O porto de Abrantes era antigamente conhecido por Porto das Barças, designação que abrangia, na margem norte, uma faixa junto às Barreiras do Tejo e, na margem sul, uma outra faixa estreita mas profunda, junto ao atual Rossio ao Sul do Tejo, conhecida por porto das Barças de Além, denominação muito antiga que já aparece num documento de finais do século XIV Há notícia de que, na primeira dinastia, Abrantes já era abastecida com produtos transportados nos barcos como o sal, ferro, armas e mantimentos vários, tendo até o rei D. Fernando determinado que os mareantes do Tejo ficassem livres de quaisquer encargos fiscais.
A época dos descobrimentos, sobretudo o século XVI, foi um período áureo para este porto, sendo, na altura, o segundo mais movimentado, logo a seguir a Lisboa, com um total de 180 barcos para o comércio ribeirinho, sendo 100 de transporte e 80 de pesca.
A seguir, durante a ocupação espanhola, foi especialmente Filipe I de Portugal quem mais se interessou pela navegação no Tejo, decidindo mesmo torná-lo navegável até Toledo.

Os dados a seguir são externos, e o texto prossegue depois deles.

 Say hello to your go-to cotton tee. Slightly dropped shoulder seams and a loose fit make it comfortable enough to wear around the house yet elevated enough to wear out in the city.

Para isso mandou construir canais artificiais, como foi o caso do de Alfanzira, perto de Mouriscas e também desenvolveu os chamados caminhos de sirga, um troço dos quais podemos ainda ver junto à Barca da Amieira, no concelho de Nisa.

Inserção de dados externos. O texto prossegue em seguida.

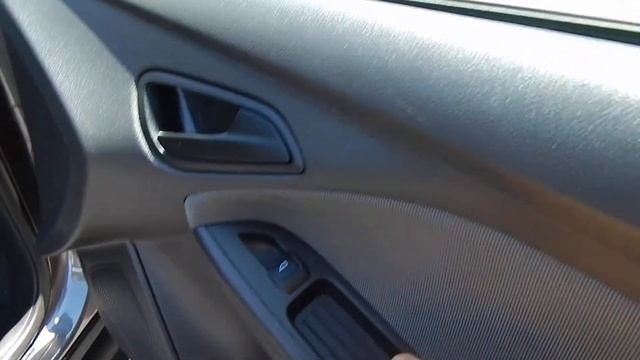 2012 Ford Focus SE Sedan overview / walk around video review! смотреть онлайн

Estes foram tempos em que grande parte da população de Abrantes e das suas zonas ribeirinhas vivia direta ou indiretamente de atividades relacionadas com o rio. Além dos mareantes, ou marítimos como também eram conhecidos, havia os calafates, carreteiros, almocreves, etc... O trabalho de carregar e descarregaras mercadorias era bastante duro, pois por vezes os materiais eram muito pesados, como foi o caso de toda a pedra de cantaria que veio pelo Tejo desde Tancos até Abrantes, para a reconstrução das igrejas de S. João e de S. Vicente.
Barcos engalanados para a festa da Sra da Boa Viagem Barreiras do Tejo (ano 50 do séc. XX). Fotografia de Laura Louro.

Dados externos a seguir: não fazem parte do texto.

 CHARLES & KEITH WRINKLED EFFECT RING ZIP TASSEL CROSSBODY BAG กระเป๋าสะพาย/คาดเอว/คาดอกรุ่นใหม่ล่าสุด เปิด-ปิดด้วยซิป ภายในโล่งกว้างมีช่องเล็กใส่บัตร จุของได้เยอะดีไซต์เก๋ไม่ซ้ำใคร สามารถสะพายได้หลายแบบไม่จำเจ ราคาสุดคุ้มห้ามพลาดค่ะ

A seguir ao período filipino, o tráfego no Tejo entrou em declínio, em grande parte devido à instabilidade que a Guerra da Restauração (que durou vinte e oito anos) trouxe ao país, mas depois, embora com menor brilho, continuou nos séculos seguintes, de modo que,
no início do século XX, no porto do Rossio, ainda havia 40 barcos com mais de quarenta toneladas cada. Manteve-se durante a Segunda Grande Guerra, altura em que predominava o negócio da cortiça, mas nos anos que se seguiram foi definhando progressivamente, até que pela década de cinquenta, com o incremento do trânsito ferroviário e sobretudo rodoviário, mais rápido e mais seguro, se extinguiu definitivamente.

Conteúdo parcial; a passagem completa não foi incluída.